# WORK REQUEST
Give back the listing underneath, unchanged and complete.

THE DATA below:

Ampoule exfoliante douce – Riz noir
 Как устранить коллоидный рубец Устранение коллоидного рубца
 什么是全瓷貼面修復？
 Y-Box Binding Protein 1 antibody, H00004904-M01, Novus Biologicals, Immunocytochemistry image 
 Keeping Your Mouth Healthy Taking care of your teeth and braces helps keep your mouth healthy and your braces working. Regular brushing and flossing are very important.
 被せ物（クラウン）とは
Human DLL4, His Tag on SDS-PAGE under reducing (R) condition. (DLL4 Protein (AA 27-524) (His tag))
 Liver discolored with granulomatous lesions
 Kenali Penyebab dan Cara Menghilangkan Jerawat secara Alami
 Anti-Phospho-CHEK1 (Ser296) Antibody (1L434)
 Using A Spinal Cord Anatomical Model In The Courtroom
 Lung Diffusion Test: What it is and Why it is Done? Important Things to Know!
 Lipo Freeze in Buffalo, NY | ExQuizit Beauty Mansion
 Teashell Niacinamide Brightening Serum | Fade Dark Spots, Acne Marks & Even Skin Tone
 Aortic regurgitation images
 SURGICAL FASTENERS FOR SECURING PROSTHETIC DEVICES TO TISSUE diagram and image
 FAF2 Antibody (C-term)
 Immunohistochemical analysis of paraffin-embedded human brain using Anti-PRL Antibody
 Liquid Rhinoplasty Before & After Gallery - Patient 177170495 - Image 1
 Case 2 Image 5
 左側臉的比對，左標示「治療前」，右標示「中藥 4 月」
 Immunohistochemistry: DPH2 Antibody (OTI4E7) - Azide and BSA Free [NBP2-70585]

End of THE DATA.

# ANSWER TO THIS EXERCISE
Ampoule exfoliante douce – Riz noir
 Как устранить коллоидный рубец Устранение коллоидного рубца
 什么是全瓷貼面修復？
 Y-Box Binding Protein 1 antibody, H00004904-M01, Novus Biologicals, Immunocytochemistry image 
 Keeping Your Mouth Healthy Taking care of your teeth and braces helps keep your mouth healthy and your braces working. Regular brushing and flossing are very important.
 被せ物（クラウン）とは
Human DLL4, His Tag on SDS-PAGE under reducing (R) condition. (DLL4 Protein (AA 27-524) (His tag))
 Liver discolored with granulomatous lesions
 Kenali Penyebab dan Cara Menghilangkan Jerawat secara Alami
 Anti-Phospho-CHEK1 (Ser296) Antibody (1L434)
 Using A Spinal Cord Anatomical Model In The Courtroom
 Lung Diffusion Test: What it is and Why it is Done? Important Things to Know!
 Lipo Freeze in Buffalo, NY | ExQuizit Beauty Mansion
 Teashell Niacinamide Brightening Serum | Fade Dark Spots, Acne Marks & Even Skin Tone
 Aortic regurgitation images
 SURGICAL FASTENERS FOR SECURING PROSTHETIC DEVICES TO TISSUE diagram and image
 FAF2 Antibody (C-term)
 Immunohistochemical analysis of paraffin-embedded human brain using Anti-PRL Antibody
 Liquid Rhinoplasty Before & After Gallery - Patient 177170495 - Image 1
 Case 2 Image 5
 左側臉的比對，左標示「治療前」，右標示「中藥 4 月」
 Immunohistochemistry: DPH2 Antibody (OTI4E7) - Azide and BSA Free [NBP2-70585]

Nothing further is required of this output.